On peut supposer que les fresques de la Vie de sainte Rose à Viterbe, exécutées en 1453 et maintenant perdues, devaient être plus personnelles, car c’est un artiste en pleine possession de ses moyens et déjà célèbre qui est appelé en 1459 pour décorer la chapelle du palais Médicis à Florence. Les fresques représentant le Cortège des Rois mages sont l’œuvre majeure de Benozzo, et c’est dans cette composition que se trouvent les caractéristiques de son art. Son style fleuri, par-delà Ghiberti et Fra Angelico, rappelle l’élégance gothique d’un Gentile da Frabriano (v. 1370-1427). Le sujet sert de prétexte à une glorification des Médicis, évoquant la fastueuse réception par Cosme l’Ancien des dignitaires et des notables de l’Église après le concile de 1439 ; c’est une représentation complète de la vie et des costumes florentins au xve s., en même temps qu’une fable chevaleresque où le profane et le sacré se mélangent avec bonheur dans un chatoiement de couleurs gaies. Entre 1463 et 1467, Benezzo travaille à San Gimignano, au palais communal et dans le chœur de Sant’Agostino (fresque de la Vie de saint Augustin). En 1468, il est à Pise, où il s’établit pour plus d’une décennie ; ses fresques du Campo Santo (scènes de l’Ancien Testament) s’adaptent parfaitement aux autres compositions, antérieures d’un siècle.

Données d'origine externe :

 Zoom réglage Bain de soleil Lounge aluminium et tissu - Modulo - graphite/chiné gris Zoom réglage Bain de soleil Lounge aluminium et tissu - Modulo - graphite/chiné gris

Son œuvre compte une très grande quantité de retables, de bannières, de peintures de dévotion sur bois ou sur toile (Vierge en Majesté entourée d’anges et de saints, Londres, National Gallery ; retable de l’église Sant’Andrea à San Gimignano, 1466 ; retable du Triomphe de saint Thomas d’Aquin, 1470, Louvre...). Mais ce sont des formules dans lesquelles il est moins à l’aise que dans la fresque ; la sécheresse du dessin et la raideur de la composition apparaissent sous les couleurs vives. Ainsi, Benozzo Gozzoli apparaît comme un artiste séduisant, en qui survit l’esprit narratif du Moyen Âge et dont la technique minutieuse, le coloris brillant rappellent l’art de la miniature ; il a contribué à diffuser cette version souriante du goût florentin en vogue aux environs de 1460.

F. P.

 G. J. Hoogewerff, Benozzo Gozzoli (Alcan, 1930). / M. Lagaisse, Benozzo Gozzoli (Laurens, 1935). / P. Bargellini, La Fiaba pittorica di Benozzo Gozzoli (Florence, 1947). / E. Berti Toesca, Benozzo Gozzoli, gli affreschi della Capella Medicea (Milan, 1958).